Our plumage ends up in the strong jaws and sharp teeth of some eager beaver flapdoodle-brained retriever salivating with excitement. The hunter upon receipt throws the sodden carcass into the corner of a muddy blind. At day's end what we're going to buy is jammed into a filthy game pocket along with half eaten sandwiches containing mayonnaise, pepperoni (soaked in Mazola and vinegar), raspberry jam and peanut butter. Our bird is then hung near the ceiling, above the dog's reach in a poorly ventilated garage that traps the warm, and rising, exhaust fumes.
Two weeks later the bird is plucked by the guy's kids "so they can learn how". By now the skin is sufficiently dilapidated to make this an inexperienced hands-and-both-feet operation. Now free from their original owner some can be given to a shop owner who packages them. He doesn't know that we need rights and lefts, and not just lefts - the rights were obliterated way back on that day in December. We rush to purchase them anyway knowing from experience that the missing half will be supplied by the guy on the other side of the river. Despite everything we know, we are delighted with our Premium Bronze Mallard at 50 cents or more per feather.
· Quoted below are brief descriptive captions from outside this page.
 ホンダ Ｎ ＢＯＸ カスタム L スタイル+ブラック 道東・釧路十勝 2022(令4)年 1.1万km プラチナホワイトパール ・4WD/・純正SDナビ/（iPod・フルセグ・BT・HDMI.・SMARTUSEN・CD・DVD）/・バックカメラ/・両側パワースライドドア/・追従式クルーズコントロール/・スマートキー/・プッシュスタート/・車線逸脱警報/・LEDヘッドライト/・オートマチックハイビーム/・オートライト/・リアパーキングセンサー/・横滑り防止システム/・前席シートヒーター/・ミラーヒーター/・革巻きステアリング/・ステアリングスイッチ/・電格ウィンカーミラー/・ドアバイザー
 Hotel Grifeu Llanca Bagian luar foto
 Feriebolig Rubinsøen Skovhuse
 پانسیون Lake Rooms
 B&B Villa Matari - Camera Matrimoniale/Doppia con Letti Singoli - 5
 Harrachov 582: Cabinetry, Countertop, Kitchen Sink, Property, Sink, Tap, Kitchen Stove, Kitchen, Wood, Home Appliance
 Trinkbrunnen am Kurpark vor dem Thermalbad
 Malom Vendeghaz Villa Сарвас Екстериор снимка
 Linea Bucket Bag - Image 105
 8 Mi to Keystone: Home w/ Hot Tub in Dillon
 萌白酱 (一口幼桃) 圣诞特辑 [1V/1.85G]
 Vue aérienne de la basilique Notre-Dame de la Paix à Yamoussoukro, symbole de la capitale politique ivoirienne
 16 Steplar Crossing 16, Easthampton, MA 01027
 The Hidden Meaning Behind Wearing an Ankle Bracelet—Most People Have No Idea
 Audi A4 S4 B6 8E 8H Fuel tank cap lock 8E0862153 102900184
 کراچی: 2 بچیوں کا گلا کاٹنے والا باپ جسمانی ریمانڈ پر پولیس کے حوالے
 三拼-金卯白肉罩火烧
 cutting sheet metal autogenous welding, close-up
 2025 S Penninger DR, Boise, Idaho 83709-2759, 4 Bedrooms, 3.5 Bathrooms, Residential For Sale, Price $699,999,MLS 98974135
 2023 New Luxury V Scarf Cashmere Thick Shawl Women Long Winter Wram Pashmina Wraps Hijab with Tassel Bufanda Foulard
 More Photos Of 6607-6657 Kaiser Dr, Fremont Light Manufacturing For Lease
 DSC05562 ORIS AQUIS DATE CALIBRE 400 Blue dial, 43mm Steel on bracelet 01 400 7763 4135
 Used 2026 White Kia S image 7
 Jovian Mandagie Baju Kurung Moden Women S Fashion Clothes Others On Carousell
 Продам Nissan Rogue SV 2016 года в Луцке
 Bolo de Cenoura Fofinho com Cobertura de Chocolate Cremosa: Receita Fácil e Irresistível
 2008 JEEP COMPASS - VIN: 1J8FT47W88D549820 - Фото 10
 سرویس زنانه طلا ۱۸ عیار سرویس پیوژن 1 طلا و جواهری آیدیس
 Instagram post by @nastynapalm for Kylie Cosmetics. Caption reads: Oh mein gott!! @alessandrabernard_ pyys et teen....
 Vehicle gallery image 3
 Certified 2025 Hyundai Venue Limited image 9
There isn't much I can do about anything up to and including the purchase. However, from that point I can eliminate the problem of pawing through stacks of slippery bags and sooner or later saying "I forgot I already had some of that". It will also stop the minor rumpling of material that comes from even the tenderest handling:
Take a ziplock bag, preferably squarish and begin to turn it inside out so that the former bottom runs just under and parallel to the zipper. Poke the corners out with a pencil and make sure that the lower part of the bag, now inside the upper part, is flat and has its sides even with the sides of the upper part.
Put two staples through the four layers of plastic close to the edge of the inner bag. They should be parallel to the edges as shown.
These keep the bag you now have from turning back right side out. They are protected from tearing by the ends of the zipper which do not permit the opening to extend all the way to the edge under normal pressure.
What we have is one bag with two compartments that is horizontally oriented.
Small pieces of material are easily removed since the opening is large and the bag is shallow. Nothing is inserted or removed "against the grain". Both operations are done from one side. Rights and lefts or rights and pieces of the same can be stored separately in the same bag. A 12" x 12" bag treated this way becomes a "pair" of 12" x 6" bags. It will hold 2 capes or a cape and saddle in half of the size they will need for separate storage.
Above the zipper are the two sides, one of which is longer than the other. The larger one will accept stick-on labels and has plenty of room for Sharpie pen lettering across its length. These bags will stand empty on their bellows bottoms without support and can therefore be "filed". This and staggered labeling means materials and their inventory can be treated like documents.
In a stroke those who live in Wyoming and California will be able to double their capacity to subdivide the organization of their materials. Marvin Nolte said that the prospect of it boggled his mind! I never dreamt that could be done!